DW: The US version of the Templeton Russia and East European Fund has recently announced its closing and liquidation. What are the reasons behind this decision?
Mark Mobius: Based on the recommendation of the investment adviser and on other factors, including small size and declining shareholder interest in the fund, the board of directors of the fund believes that liquidation of the fund is in the best interests of the fund and its shareholders.
Does this reflect a shift in your assessment of Russia's economic outlook? Will Templeton's other Russia funds be affected as well?
No. This is a fund-specific event. Other funds will continue to be managed pursuant to each individual fund's investment objectives.
The Shanghai stock market just recorded its biggest one-day loss in eight years. The Chinese government has announced new interventions, but seems unable to calm markets. Is the stock market a major test for the Chinese government?
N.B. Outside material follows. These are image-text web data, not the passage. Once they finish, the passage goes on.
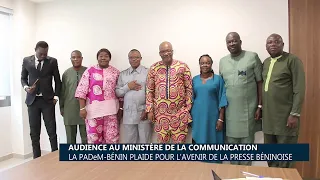 Audience au Ministère de la Communication : La PADeM-Bénin plaide pour l’avenir de la presse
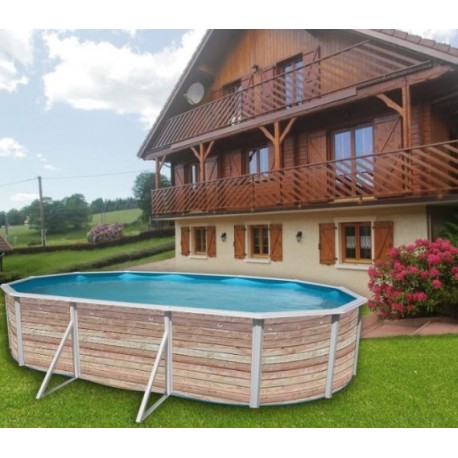 Piscina fuori terra TOI Pinus ovale 640x366xH120 con kit completo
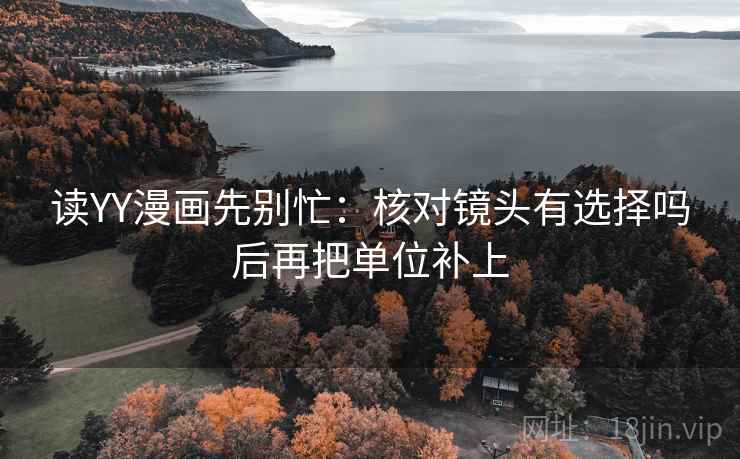 读YY漫画先别忙：核对镜头有选择吗后再把单位补上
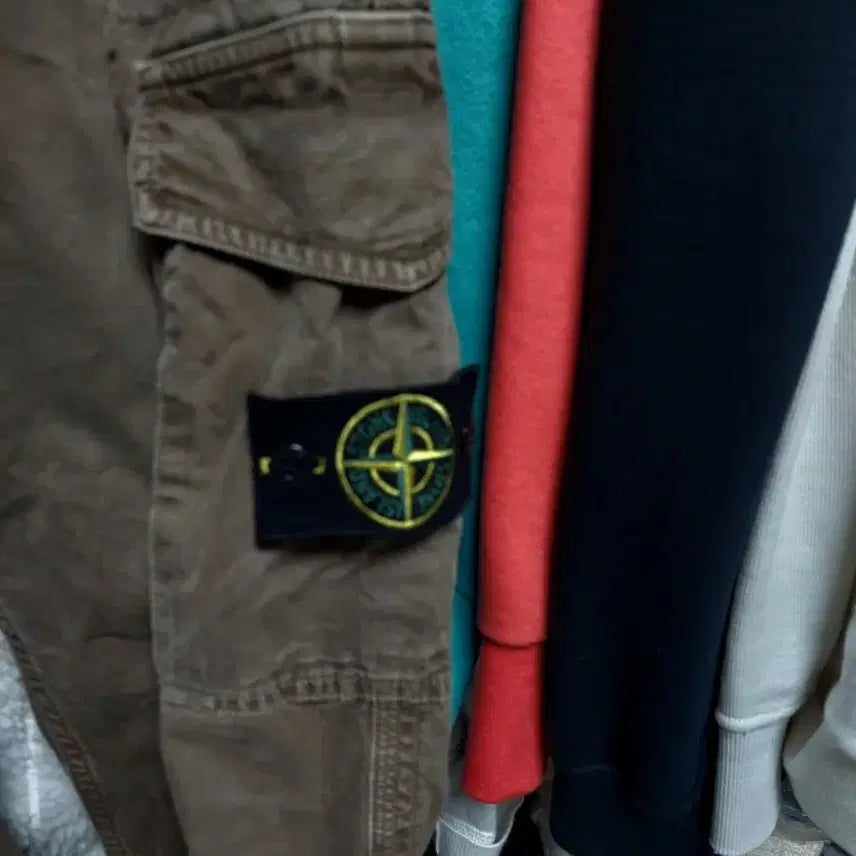 [BUNJANG] Stone Island Brown Double Cargo Pants W30 / 스톤아일랜드 브라운 더블 카고 바지 w30 백화점판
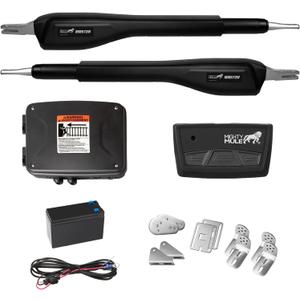 Mighty Mule MM572W HD Dual Arm Gate Openers 12 V Wireless AC/Battery Powered Automatic Gate Opener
Regarding the Shanghai stock market, it looks like we have probably seen the worst since a number of good stocks have reached reasonable valuation levels and eventually those values will be recognized by investors. The complication now is the disappointment on the part of local Chinese investors who will be reluctant to stay in the market or go bargain hunting in the short term. So we probably can expect sideward movement for a while.
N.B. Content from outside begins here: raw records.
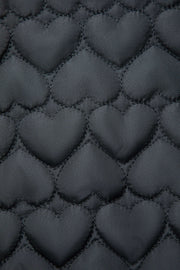 Heart Shaped Quilted Puffer Coat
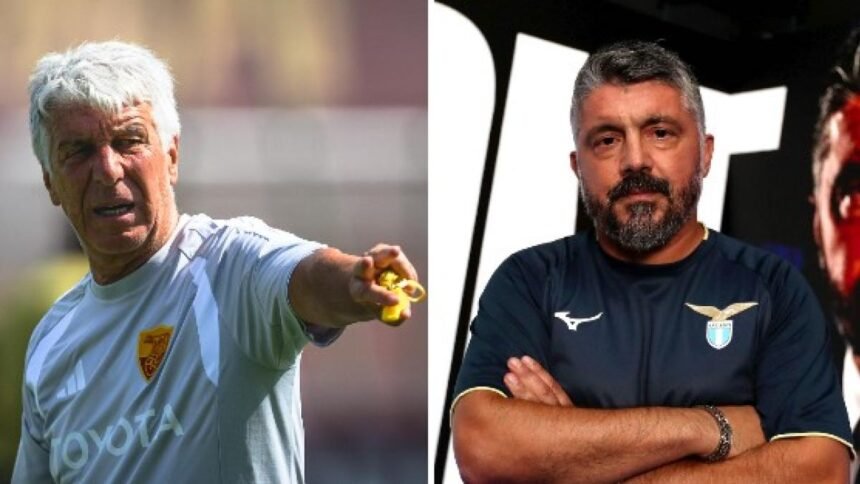 Serie A: Roma e Lazio all'assalto dell'Inter con Gasperini e Gattuso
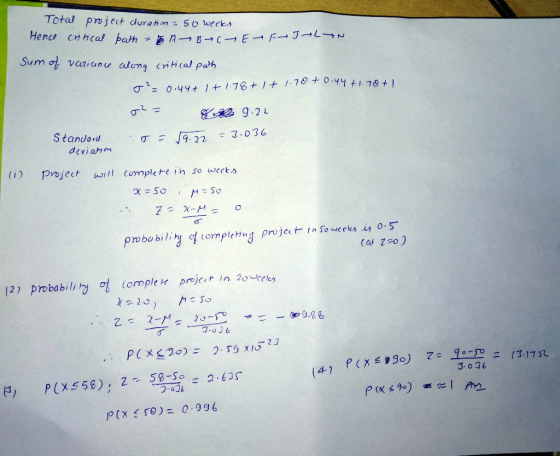 Total project durahn= 50 weeks Hencu chhcal bem -5 n→n→(→E→F-ゴ→L→ Sum of VCorianu alemg cnhial puth 0.44+ 1+178+ 1+ / 78ナ0.44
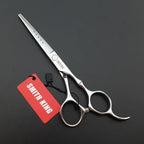 6.0 Inches Professional hair cutting thinning scissors set with razor (Silver)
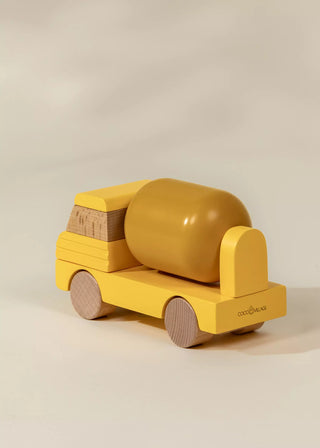 Véhicule de construction en bois – Camion-toupie 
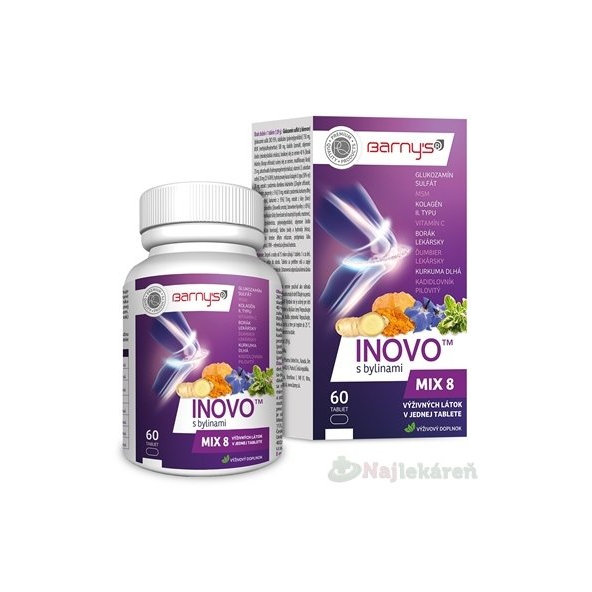 Barny's INOVO s bylinami MIX8, kĺbová výživa, 60 tbl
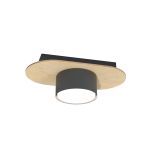 Emibig Plafonnier Diaz Acier Noir | Convient pour 1x GX53 - Max 12W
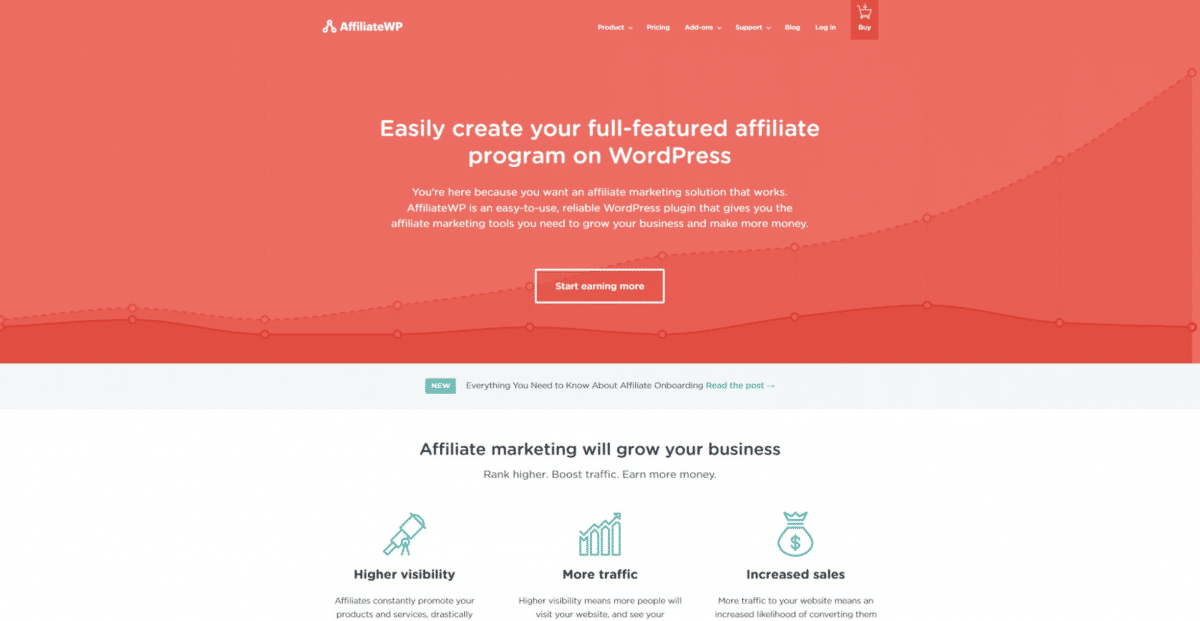 affiliatewp-Homepage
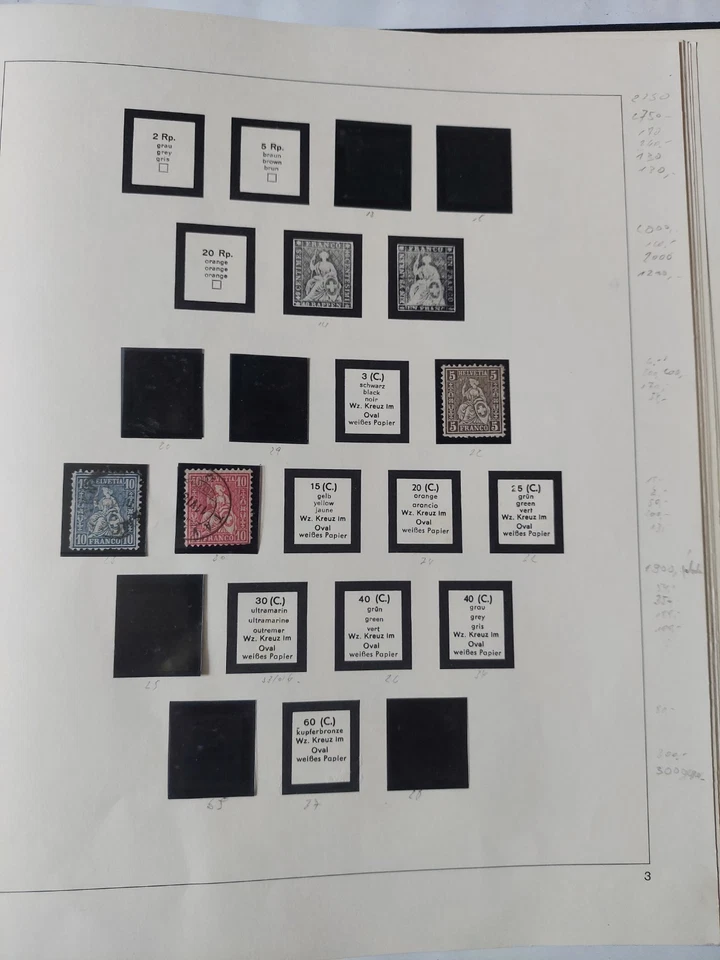 Schweiz Briefmarkensammlung 3 Alben, viele mit hohem Michel-Wert, Top! - Bild 2 von 4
The only driving momentum would be domestic growth and that will depend on government policies to inject more liquidity into the markets. The banks have been given more leeway with the lowering of reserve requirements and interest rates have come down. With lower oil and commodity prices this is another driver.
India will probably record higher economic growth than China this year. What does this mean for investment?
Modi's election has provided India with the first majority government in 30 years and a strong reform mandate. Reforms prioritize better governance, eliminating lengthy approval processes, improving the ease of doing business - which ties in with the government's broader "Make in India" campaign targeted at boosting the manufacturing sector, and low inflation.
More crucial structural reforms, such as implementation of the goods and services tax, land reform and infrastructure improvements may revive the investment cycle in the economy and boost corporate sentiments. Declines in oil prices have eased inflationary pressures and enabled the government to reduce subsidies, which have historically constituted a large portion of the government's budget. Market expectations, regarding the pace of reforms, have proven to be excessive.
Growth rates of the gross domestic product (GDP) in India have a good potential to stay above China's growth rates with these reforms, especially as the Indian economy starts from a lower base. Both GDP per capita and absolute GDP are much lower in India than in China, while the size of the population is about the same.
This should provide a good environment for investors who buy into Indian companies which manage to benefit from the improving trends. However, this doesn't necessarily mean that investors should prefer India over China. The latter also remains on a path of continued reform, which should provide investors with ample opportunities in a country which has become increasingly relevant in a global context.
Mark Mobius, 78, is executive chairman of Templeton Emerging Markets Group, which he joined in 1987. Currently, he directs the Templeton research team, based in 18 global emerging markets offices, and manages emerging markets portfolios.